Shapps did however acknowledge in the report that the UK “must make buses and trains better value and more competitively priced.” The Jet Zero policy does cover influencing consumer choices. This is planned to be achieved by informing consumers on the environmental impact of their flights, providing sustainable modes of transport to and from the airport, and “supporting growth in airport capacity where it is justified”. It, therefore, becomes clear that, as the UK government will not implement policies deterring passengers from options for air travel beyond providing information on environmental impact, and flight prices remain extremely competitive, rail has a lot of catching up to do before the masses have an incentive to take the train domestically.
Ways forward for UK Rail
According to findings by technology experts at SilverRail, the influence of high-speed rail (HSR) in Europe is evident, with heightened competition on crucial routes emerging as a pivotal factor in the rail industry’s expanding market presence in comparison to air travel. The Train over Plane campaign initiative, aimed at bolstering the rail sector’s passenger share, has discerned a favourable correlation between the introduction of high-speed rail alternatives for prominent European flight paths, the escalation of competition on these rail routes, and a noticeable increase in passengers opting for trains over planes.

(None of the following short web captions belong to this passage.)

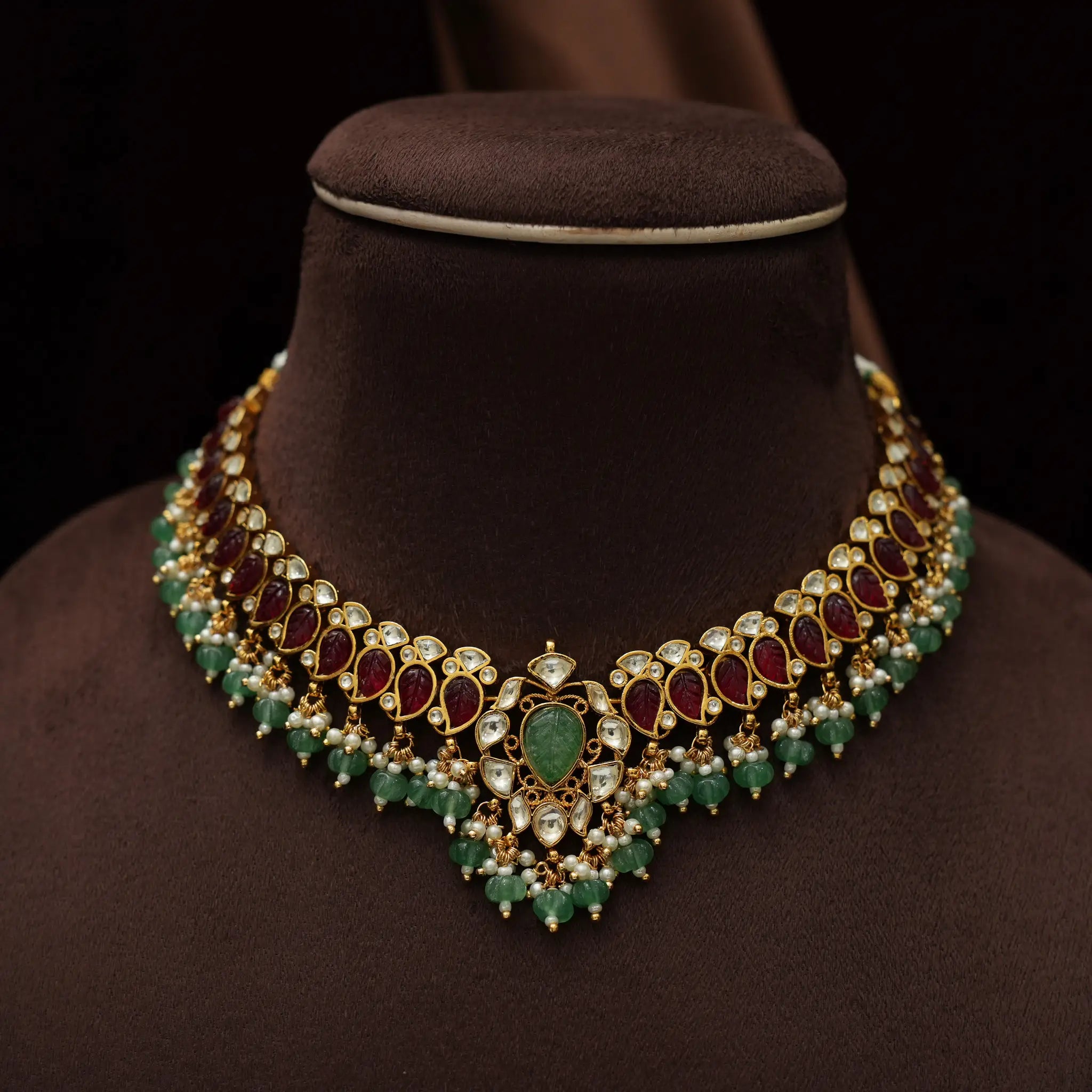 Namrada Polki Choker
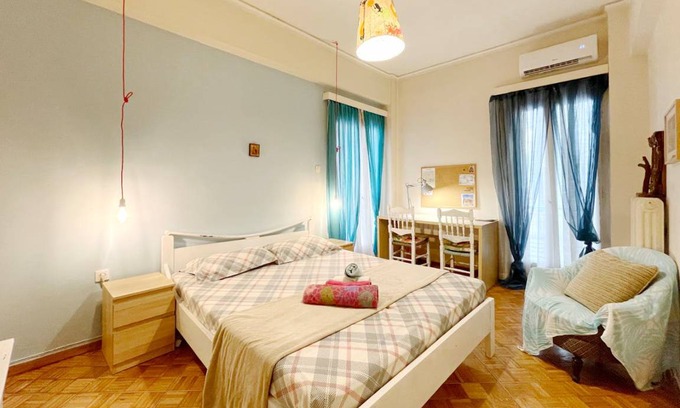Athens Resort | 72 m² Private room ∙ 1 bedroom ∙ 1 guest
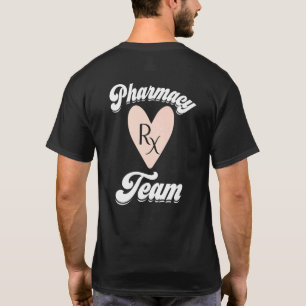 T-shirt Équipe de techniciens en pharmacie Semaine de la p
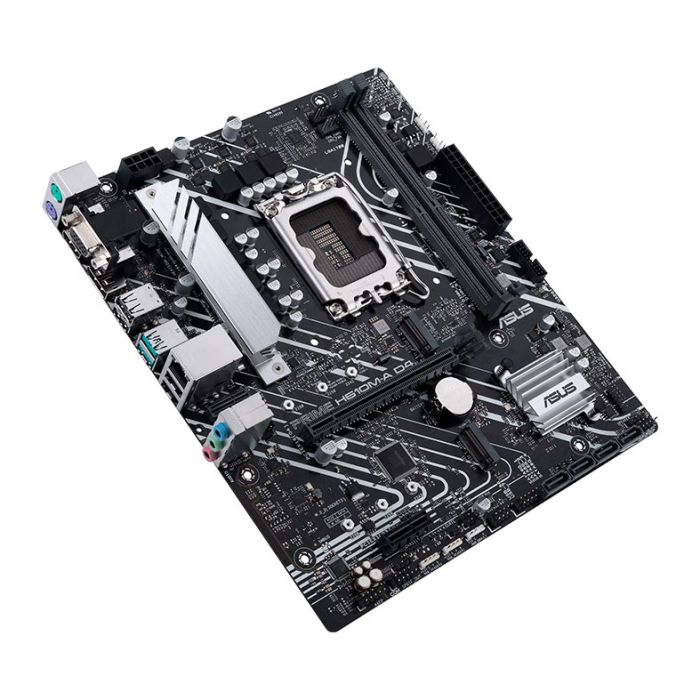 Placa Mae Asus PRIME H610M-A D4, DDR4, LGA 1700, M-ATX, Chipset Intel H610, PRIME-H610M-A-D4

The initiative seeks to quantify the potential impact of high-speed rail in Europe, considering both economic and environmental perspectives. Thus, increased competition on the railways could help decrease rail travel costs in the UK, thus encouraging a modal shift from air to rail. The positive impact of competition has been recorded in European Union countries like France for instance.
On the freight side, a spokesperson for the UK lobby organisation Rail Partners, said: “A level playing field across trains, planes and cars is essential to enabling the rail sector to effectively compete with higher carbon forms of travel and to help meet our net zero goals. To achieve that, the Government must look at transport holistically, considering rail fares in the context of air passenger duty, fuel duty and wider energy prices – making low-carbon travel a more attractive choice. In addition to attracting passengers back to rail, shifting freight from road to rail will be critical to decarbonising Britain’s logistics supply chains, and the government should set an ambitious target.”
The comparison between train and plane ticket prices in Europe, as well as the emphasis on high-speed rail in Europe, suggests that increased competition on railways could potentially decrease rail travel costs in the UK and encourage a shift from air to rail. However, the current policies and competitive pricing of flights, combined with the UK government’s focus on technological advancements for sustainable aviation, indicate that rail has hurdles to overcome before becoming a more attractive option for the masses. The challenge lies in achieving a balance between economic viability, environmental sustainability, and the convenience of travel options.
* Currency conversions are approximate.